Where did they fall out, get distracted or confused?
When the feedback came in, I was disappointed to hear the manuscript still had things to fix. It wasn’t ready for the agent, after all. So I gathered the pages of notes and made a master list of areas to look at more closely. Where I hadn't quite delivered what I wanted.
Of course, with feedback, especially feedback in quantity, there are some rules to keep your sanity. Extreme likes or dislikes are suspect. Opposing views cancel each other out. You look for repeating comments. What many people noticed is often worth your notice. And I was feedback savvy, since this novel was my fourteenth book.
But still, it was hard to hear. For me, feedback is rarely a YES! feeling. It’s more like a big sigh, then time to reflect, and most often acceptance.
The danger is: in the process I can fall out of love with my story.
Falling In, Falling Out
It’s a day of love, Valentine’s Day, today. I'm telling you this story because (1) you may have fallen in and out of love with your writing too. You might believe that experienced, published writers don't go through this relationship challenge with their art. They do, we do. It's normal. Ego gets slammed, no matter how gentle the comments, how right-on the suggestions.
My first reaction: It's not perfect? Really? My agent is waiting and I’m late!! You say this to yourself, never to anyone else; you wouldn't be that foolish. But doubt can haunt you for a while, like finding out something really bad about a person you love dearly.
What do you do with this new knowledge, this new way of seeing them? Do you say, "Get lost," and move on? Because you know it's going to take some work to get the love back.
It took me about five weeks. The printed-out comments and the manuscript itself languished on my office shelf. I got busy with teaching, four new online classes and an all-day workshop in Boston. I started reading more--three books I loved, in different genres. I painted a bedroom wall sunshine yellow. I handwrote a few letters to friends (I still do that). I made soup. I didn't worry about the manuscript sitting and waiting for my verdict.

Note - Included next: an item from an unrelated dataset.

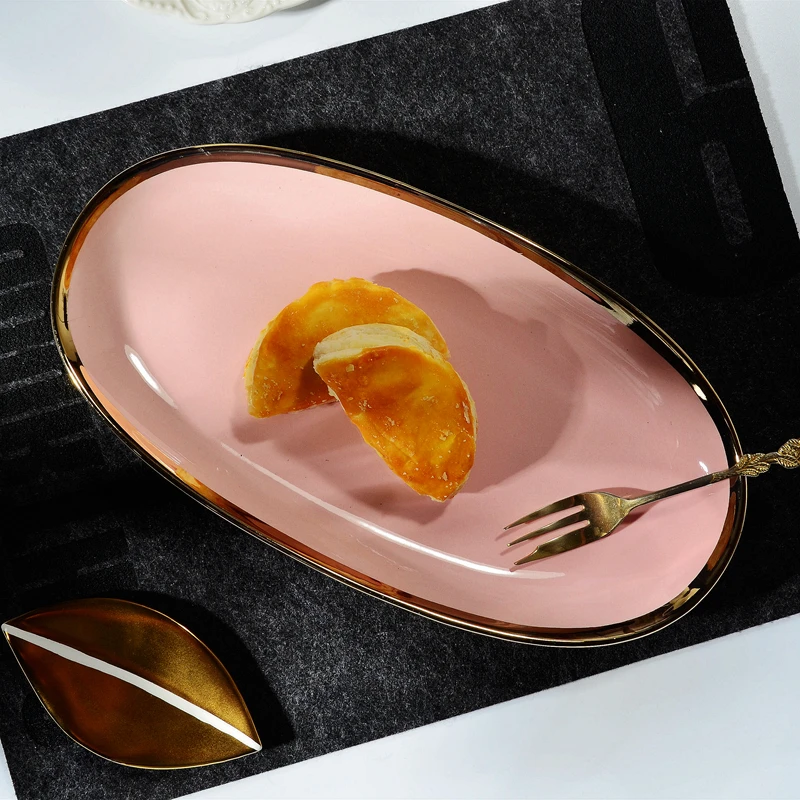 

Nordic style minimalist pink gilded ceramic 12 inch dining plate European light luxury long plate fruit plate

How much do you trust yourself?
Well, yes, I did worry a little. I thought about it sometimes and felt a rush of anxiety. What if I never touched it again? What if I just stopped writing, forgot I am a writer?

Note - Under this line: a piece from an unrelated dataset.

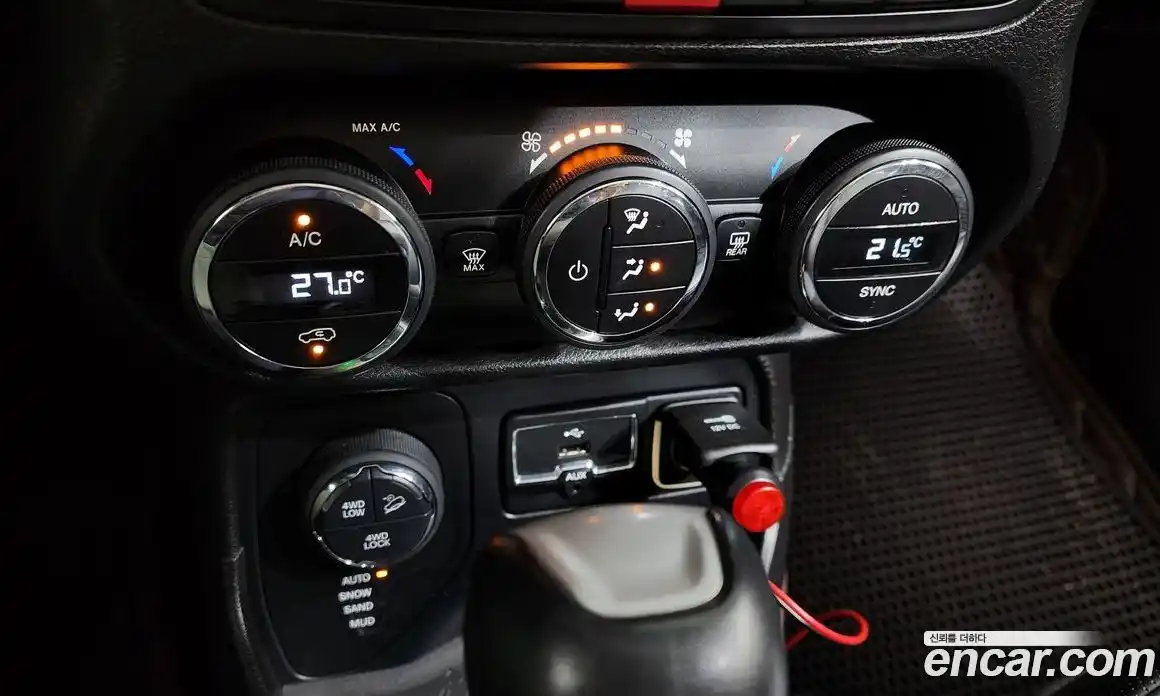 Jeep Renegade 2015 2.0 гидро в Москве № 1766263, фото 14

Beyond the worry was trust. As I said, I've been here before. I know the ego needs a while to lick its wounds, to settle down. My perspective needs to realign. I need to fall in love with my story again--and that can't happen when I am only looking at its warts.
Looking for something to read one evening, I rummaged through my writing books and found Dani Shapiro's Still Writing. It's about how to keep going, something I usually don’t need. But tonight, in the slump of a bad manuscript affair, I did.

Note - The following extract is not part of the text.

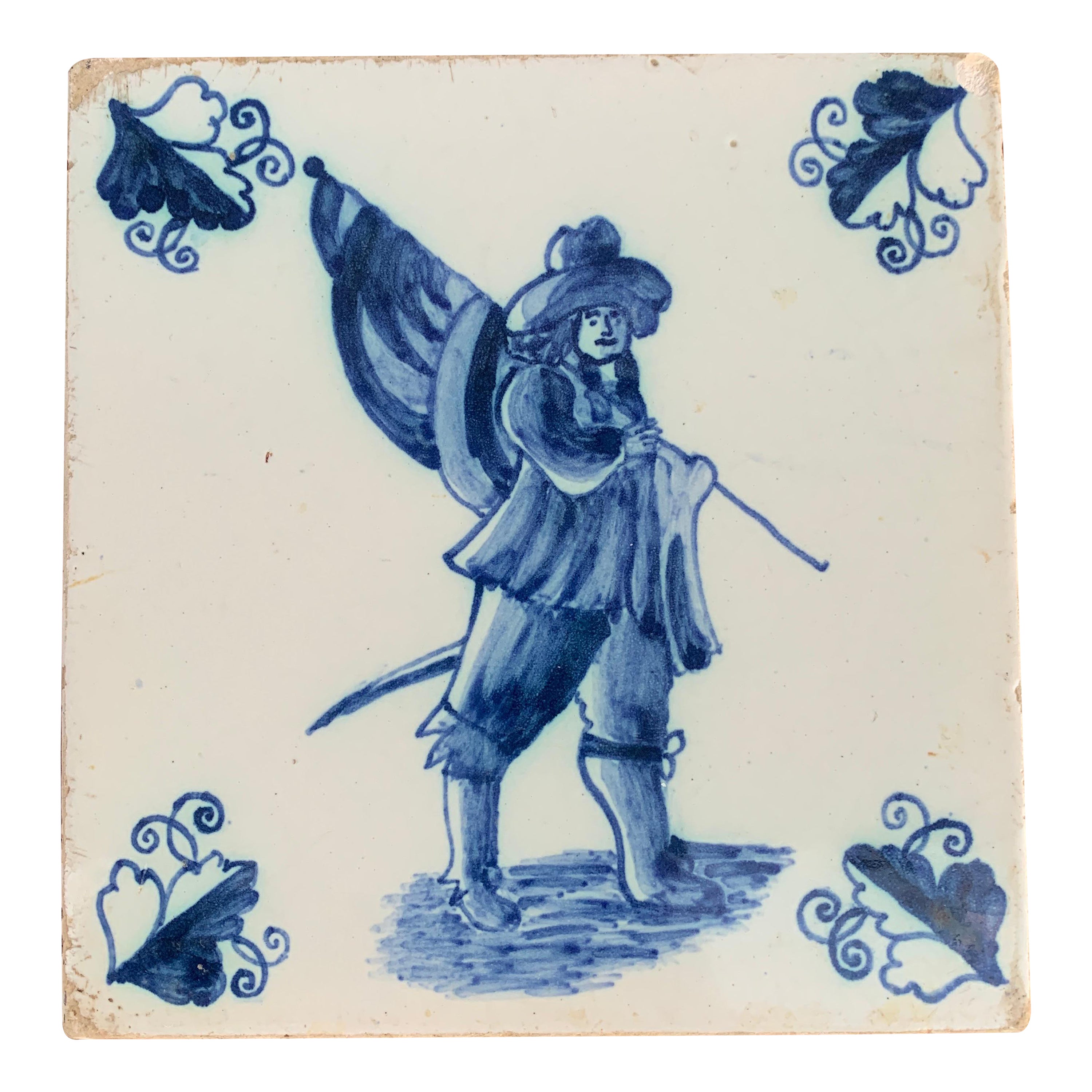 Antique carreau de Delft bleu et blanc représentant un soldat en vente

Just start, it said. Get back into it, one sentence at a time.
I fell asleep, thinking about the process of just starting. The next day, a change had kicked in. I was cleaning out some old teaching files and came across a writing exercise I loved—and although I don't remember where it came from, whose class I learned it from, please let me know if you know (see below)!
Along with the exercise were my own notes and a free write I’d done years ago, when I first began writing this novel I was now struggling to finish. No big surprise, the free write was about the very section I’d just received so much feedback about.
I'd taken the exercise prompts and created backstory about one of the characters. As I read the rough writing again, I fell in love! I love this character, she’s one of my all-time favorites, ever. She is cranky, fearful, talented, and a badass.
My family went off to their jobs and school. I opened the manuscript on my laptop and began to read a couple of chapters. Not half bad, I thought, getting interested again. I took a deep breath and turned to the feedback. Struck gold! An idea came, how to solve one of the questions. I began to type.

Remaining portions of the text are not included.